I'd say the comfort level of how lobbyists interact with the commission on a day-to-day basis is pretty high. I don't know many people who are shy about calling up and saying they're about to go into a meeting and they don't know if they have to report it. The advice you usually get is along the lines of “err on the side of caution”, but it's better to ask for an explanation than forgiveness later. I think most people would find the day-to-day interaction between the commissioner, her staff, and the lobbying community to work very well.
:
Mr. Lemieux, I think both of your questions were bang on.
To your second point, and not to go far from what Jim was saying, I think our style of lobbying, certainly from the American style of lobbying, is totally different. I think the rules we put in place and the rules that are in place are things we support. We believe in that transparency and accountability.
I think certainly the federal commissioner and also the provincial and other ones we deal with have all opened up and they are receptive to changes. They understand that the first set of rules has to have some level of adjustment. I think they're listening to what we want to be able to do.
This process in and of itself is great. If you're getting into the lobbying profession, I think more and more folks are aware of the rules and the ramifications. They see the front page of The Globe and Mail when a lobbyist happens to be under investigation and what kind of effect that has on that person's career and reputation. Whether or not you're proven guilty or innocent at the time, it's quite profound. I think a lot of folks who want to get into the profession are starting to think about what could happen with them.
With regard to what Jim said, we're advising our lobbyists within our firm and our clients that if there's a risk, then register and be safe, and ensure they have a record of things so they don't get into trouble, not only for themselves but also for the public office holders.

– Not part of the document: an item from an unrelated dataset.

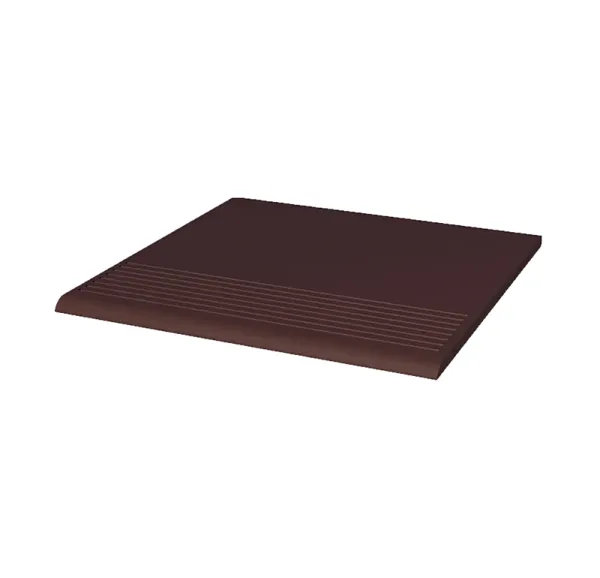 Клинкерная ступень с насечками Paradyz Natural Brown, 300x300x8,5 мм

We're trying to do that.
:
I think we'll all have a minute to say something on this.
I think with the grandiose American style of anything that happens, the influence on us is profound in some cases, and unfortunately in most cases. But with lobbying, the money in the U.S.—the retainer amounts, the success fees, the contingency fees—is beyond the pale, and I think it allows for people to be motivated or incented to do things that otherwise....
The fact that we don't have contingency fees or success fees here is a great thing. None of us ever complain about that. We're not here to benefit. If the client gets a certain issue resolved through government, as Mr. Del Mastro said, by and large it's the government that decides, or it's the opposition that decides. We just help to facilitate that meeting more than anything else and help with the strategy, I think, from that perspective. The American style is so much more focused on money.